[Opening Available records section]
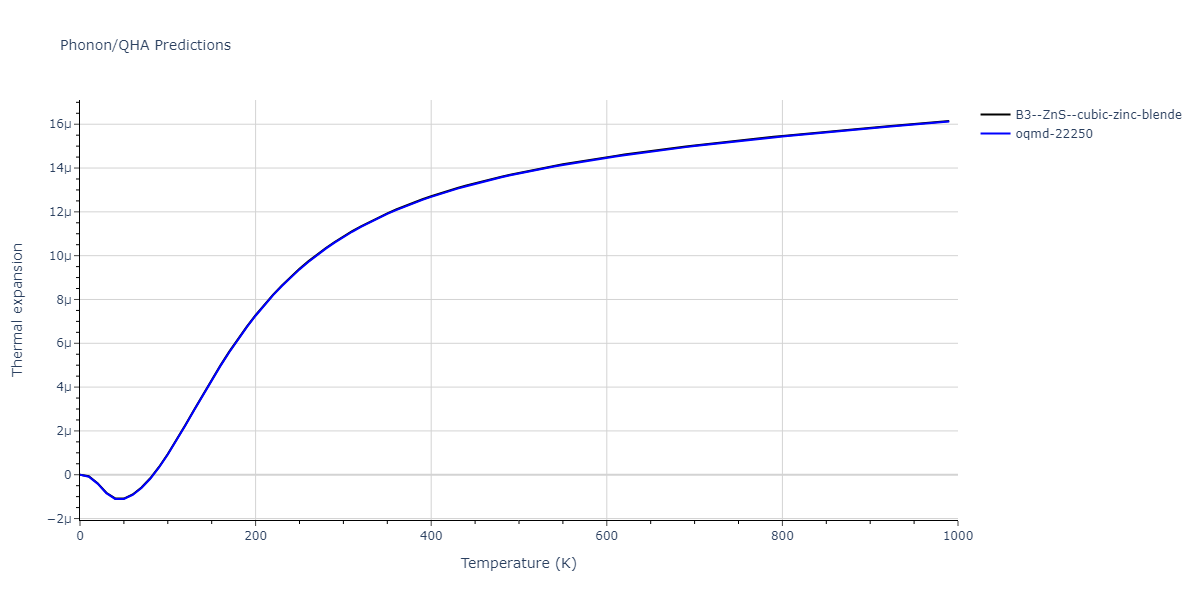 2022--Chrobak-D--In-P--LAMMPS--ipr1/phonon.InP.alpha.png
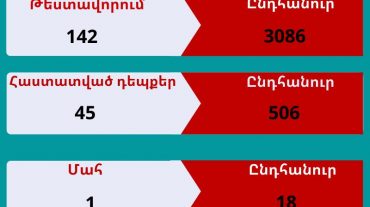 Արցախում արձանագրվել է կորոնավիրուսի 45 նոր դեպք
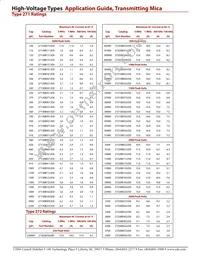 27130B182JO0 Datasheet Page 2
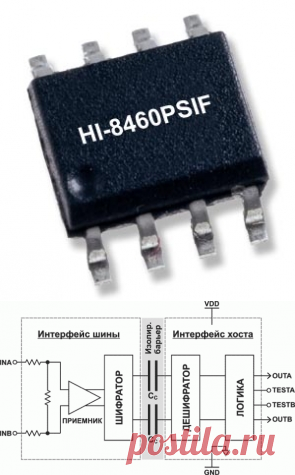 Компания Holt Integrated Circuits анонсировала первый в отрасли приемник интерфейса ARINC 429 с 800-вольтовой гальванической изоляцией и интегрированной цепью защиты от грозовых разрядов, удовлетворяющей нормам Уровня 3 стандарта DO-160G. Новое устройство питается от единственного источника напряжения 3.3 В и, обеспечивая напряжение изоляции 800 В между входами аналоговой шины и цифровыми выходами, превосходит требования спецификации ABD0100, разработанной компанией Airbus.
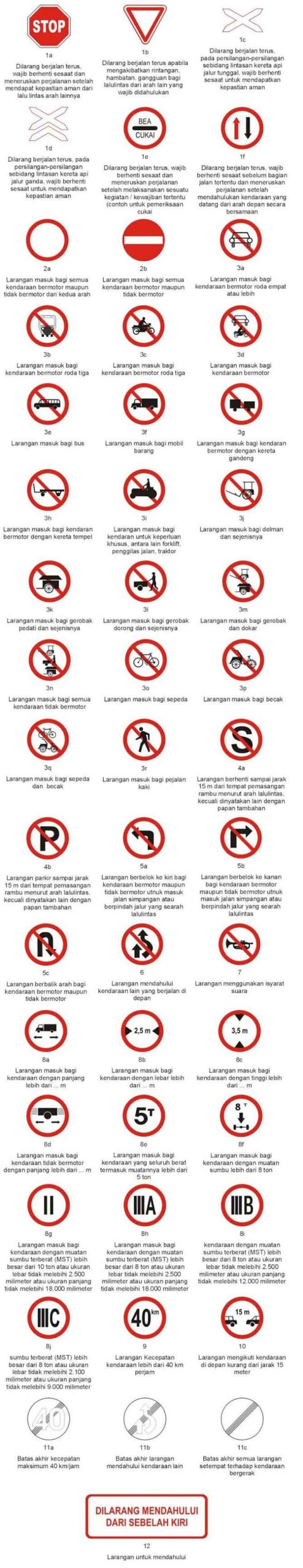 Detail Gambar Lalu Lintas Beserta Artinya Nomer 10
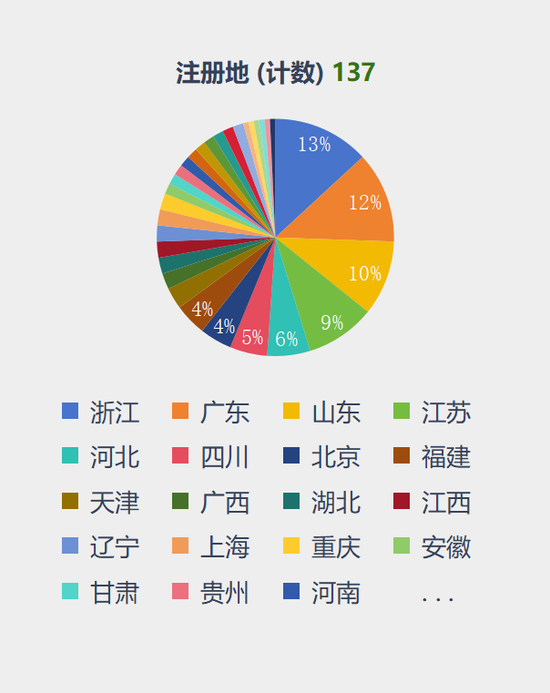 千强银行4省占比近半浙江居首，山东上榜多但排名靠后-第3张图片-静柔生活网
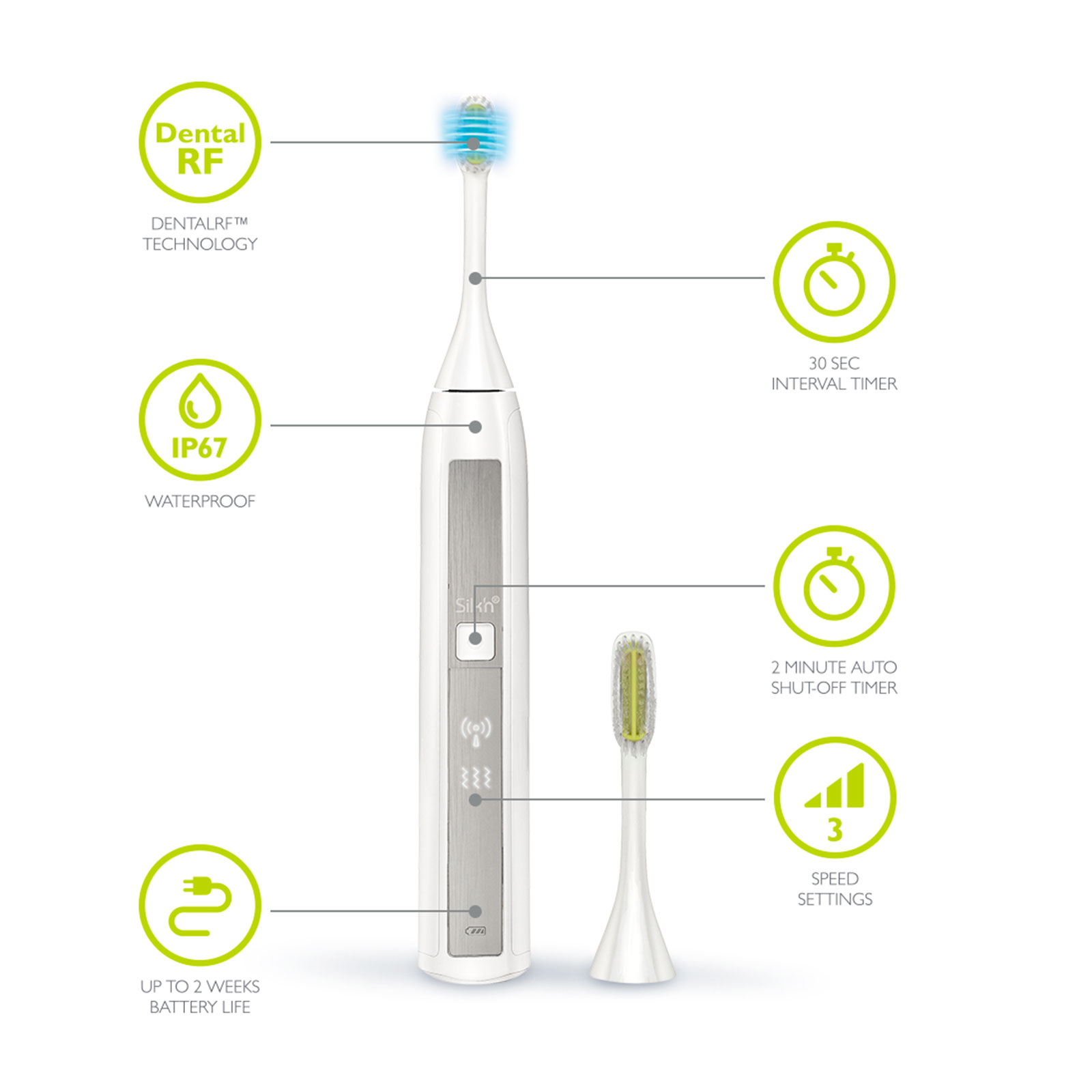 TW1PE3001 ToothWave elektrische Zahnbürste TW1PE3001 ToothWave elektrische Zahnbürste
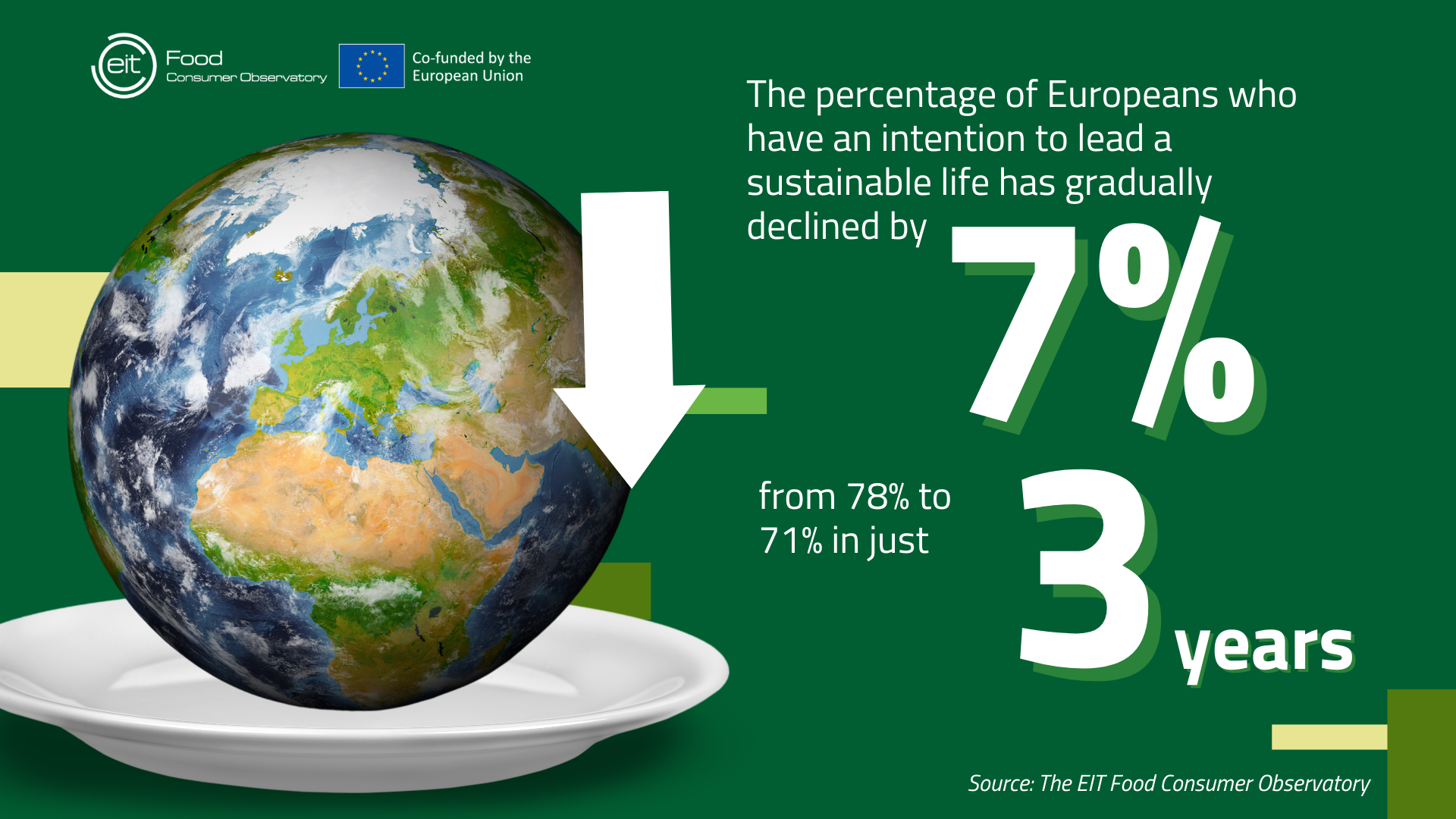 The State of Consumer Trust and Choice in the Food Industry & the Importance of Food Education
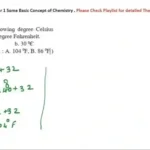 30 Degrees Celsius To Fahrenheit Equals 86 Degrees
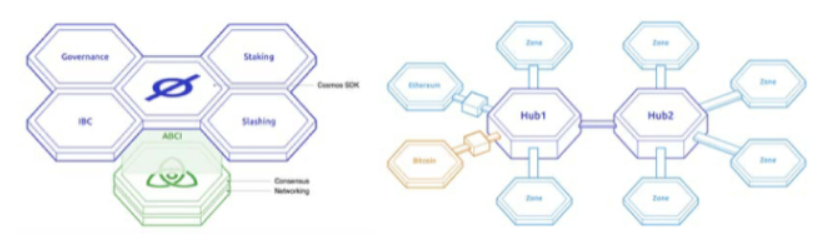 解读Cosmos生态发展态势以及未来展望插图5 解读Cosmos生态发展态势以及未来展望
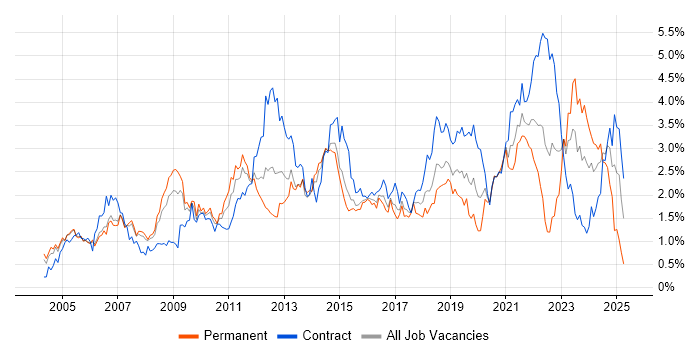 Job vacancy trend for Solutions Architect in Reading Job vacancy trend for Solutions Architect in Reading
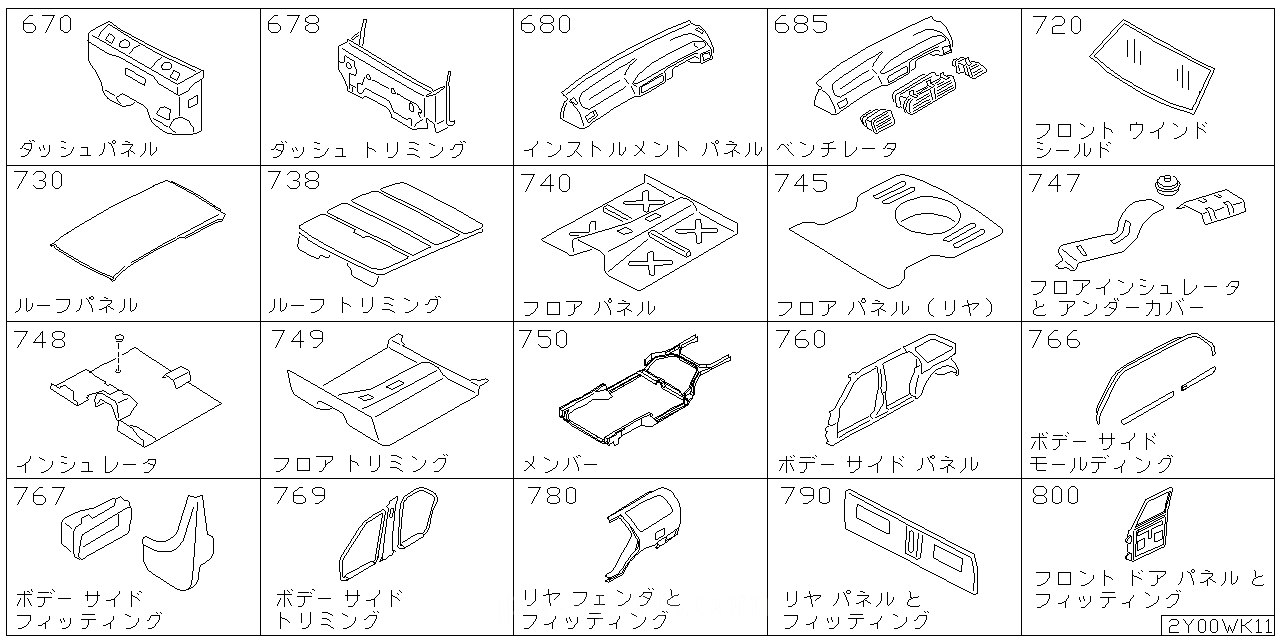 ダッシュ パネル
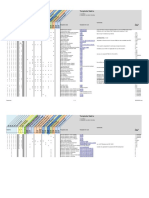 Template Matrix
[Closing Available records section]
**What is expected:** With the images excluded, reproduce the data above precisely as written.

**Answer to the exercise:**
 2022--Chrobak-D--In-P--LAMMPS--ipr1/phonon.InP.alpha.png
 Արցախում արձանագրվել է կորոնավիրուսի 45 նոր դեպք
 27130B182JO0 Datasheet Page 2
 Компания Holt Integrated Circuits анонсировала первый в отрасли приемник интерфейса ARINC 429 с 800-вольтовой гальванической изоляцией и интегрированной цепью защиты от грозовых разрядов, удовлетворяющей нормам Уровня 3 стандарта DO-160G. Новое устройство питается от единственного источника напряжения 3.3 В и, обеспечивая напряжение изоляции 800 В между входами аналоговой шины и цифровыми выходами, превосходит требования спецификации ABD0100, разработанной компанией Airbus.
 Detail Gambar Lalu Lintas Beserta Artinya Nomer 10
 千强银行4省占比近半浙江居首，山东上榜多但排名靠后-第3张图片-静柔生活网
 TW1PE3001 ToothWave elektrische Zahnbürste TW1PE3001 ToothWave elektrische Zahnbürste
 The State of Consumer Trust and Choice in the Food Industry & the Importance of Food Education
 30 Degrees Celsius To Fahrenheit Equals 86 Degrees
 解读Cosmos生态发展态势以及未来展望插图5 解读Cosmos生态发展态势以及未来展望
 Job vacancy trend for Solutions Architect in Reading Job vacancy trend for Solutions Architect in Reading
 ダッシュ パネル
 Template Matrix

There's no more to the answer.